Before contributing to Quagga, you must also read Section COMMIT MESSAGES.
You should ideally read the entire document, as it contains useful information on the community norms and how to implement them.
Please note that authorship and any relevant other rights information should be explicitly stated with the contribution. A "Signed-off-by" line is not sufficient. The "Signed-off-by" line is not used by the Quagga project.
You may document applicable copyright claims to files being modified or added by your contribution. For new files, the standard way is to add a string in the following format near the beginning of the file:
Copyright (C) <Year> <name of person/entity>[, optional contact details]
When adding copyright claims for modifications to an existing file, please preface the claim with "Portions: " on a line before it and indent the "Copyright ..." string. If such a case already exists, add your indented claim immediately after. E.g.:
Portions:
Copyright (C) <Year> <Entity A> ....
Copyright (C) <Year> <Your details> [optional brief change description]
GNU coding standards apply. Indentation follows the result of invoking GNU indent (as of 2.2.8a) with the -–nut argument.
Originally, tabs were used instead of spaces, with tabs are every 8 columns. However, tab’s interoperability issues mean space characters are now preferred for new changes. We generally only clean up whitespace when code is unmaintainable due to whitespace issues, to minimise merging conflicts.
Be particularly careful not to break platforms/protocols that you cannot test.
Parsers or packet-writers of data from untrusted parties, particularly remote ones, MUST use the lib/stream bounded-buffer abstraction, and use its checked getters and putters. Twiddling of pointers based on contents of untrusted data is strongly discouraged - any such code is not acceptable, unless there are very good reasons (e.g. compatibility with external or old code that is not easily rewritten).
New code should have good comments, which explain why the code is correct. Changes to existing code should in many cases upgrade the comments when necessary for a reviewer to conclude that the change has no unintended consequences.

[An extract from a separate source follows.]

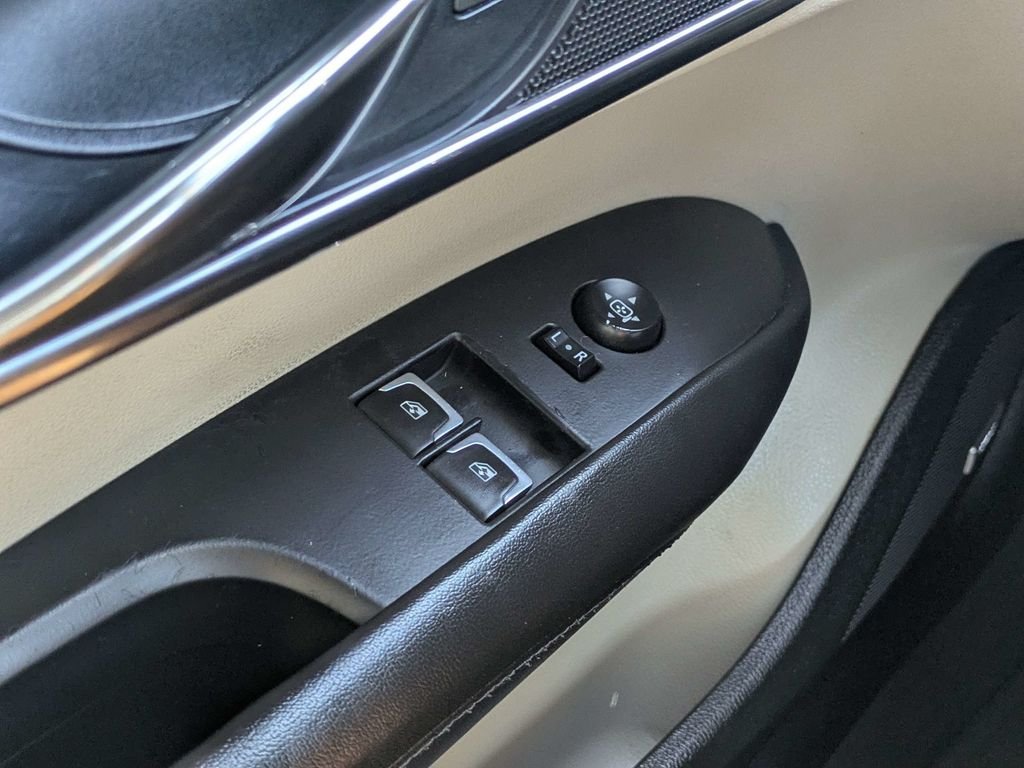 Used 2017 White Cadillac 2.0L Turbo Luxury image 23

Each file in the Git repository should have a git format-placeholder (like an RCS Id keyword), somewhere very near the top, commented out appropriately for the file type. The placeholder used for Quagga (replacing <dollar> with $) is:
$QuaggaId: <dollar>Format:%an, %ai, %h<dollar> $
See line 2 of HACKING.tex, the source for this document, for an example.
This placeholder string will be expanded out by the ‘git archive’ commands, which is used to generate the tar archives for snapshots and releases.

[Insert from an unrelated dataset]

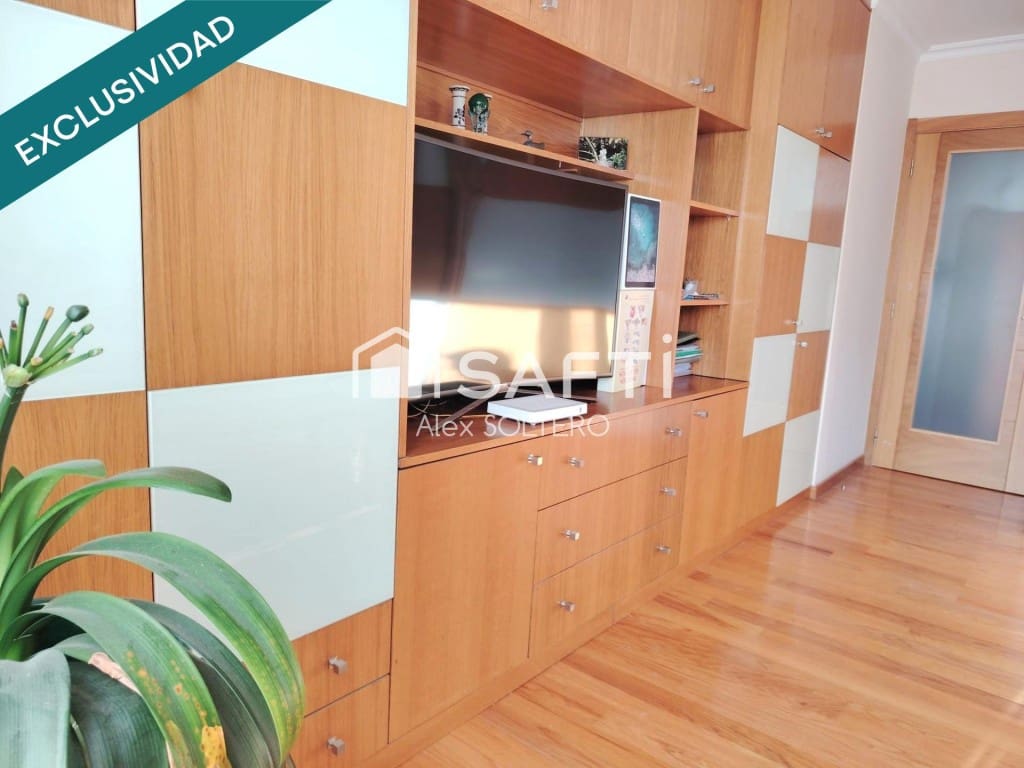 2 bedroom Apartment for sale in Nigran with pool garage - € 360,000 (Ref: 9865055)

Please document fully the proper use of a new function in the header file in which it is declared. And please consult existing headers for documentation on how to use existing functions. In particular, please consult these header files:
lib/log.h logging levels and usage guidance
[more to be added]
If changing an exported interface, please try to deprecate the interface in an orderly manner. If at all possible, try to retain the old deprecated interface as is, or functionally equivalent. Make a note of when the interface was deprecated and guard the deprecated interface definitions in the header file, i.e.:
/* Deprecated: 20050406 */
#if !defined(QUAGGA_NO_DEPRECATED_INTERFACES)
#warning "Using deprecated <libname> (interface(s)|function(s))"
...
#endif /* QUAGGA_NO_DEPRECATED_INTERFACES */
This is to ensure that the core Quagga sources do not use the deprecated interfaces (you should update Quagga sources to use new interfaces, if applicable), while allowing external sources to continue to build. Deprecated interfaces should be excised in the next unstable cycle.

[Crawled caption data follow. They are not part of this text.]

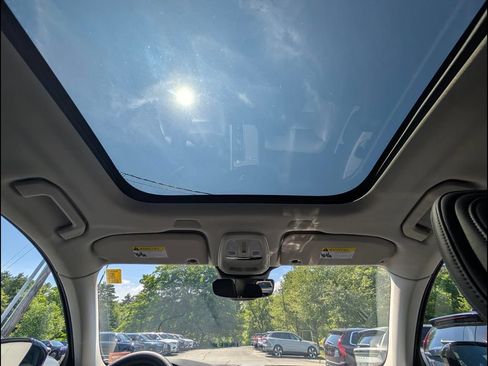 Certified 2025 Volvo XC60 B5 Core AWD/4WD image 14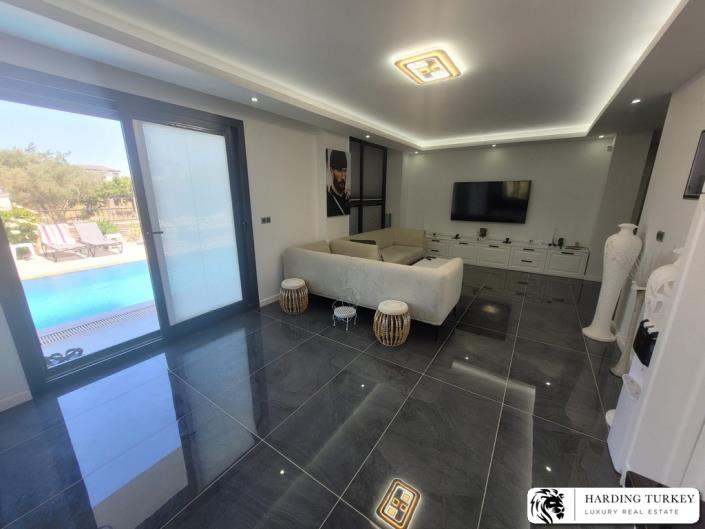 Image No.6-Villa / Détaché de 4 chambres à vendre à Altinkum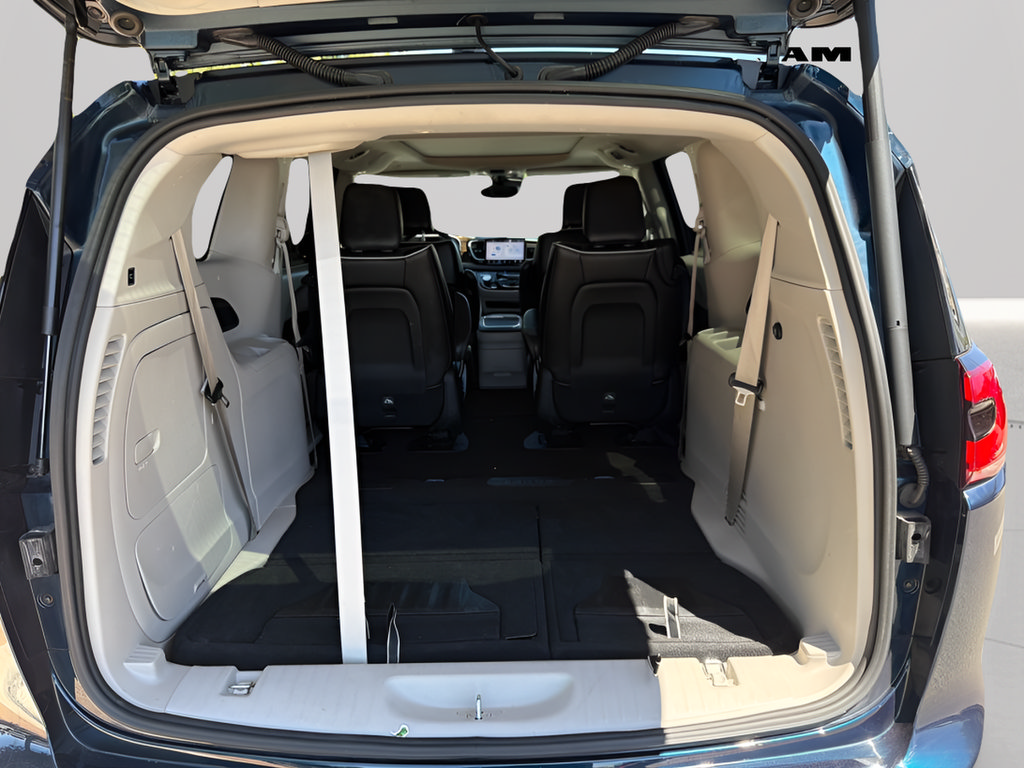 Used 2023 Chrysler Pacifica Limited FWD image 43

Note: If you wish, you can test for GCC and use a function marked with the ’deprecated’ attribute. However, you must provide the warning for other compilers.
If changing or removing a command definition, ensure that you properly deprecate it - use the _DEPRECATED form of the appropriate DEFUN macro. This is critical. Even if the command can no longer function, you MUST still implement it as a do-nothing stub.
Failure to follow this causes grief for systems administrators, as an upgrade may cause daemons to fail to start because of unrecognised commands. Deprecated commands should be excised in the next unstable cycle. A list of deprecated commands should be collated for each release.
See also Section SHARED LIBRARY VERSIONING below.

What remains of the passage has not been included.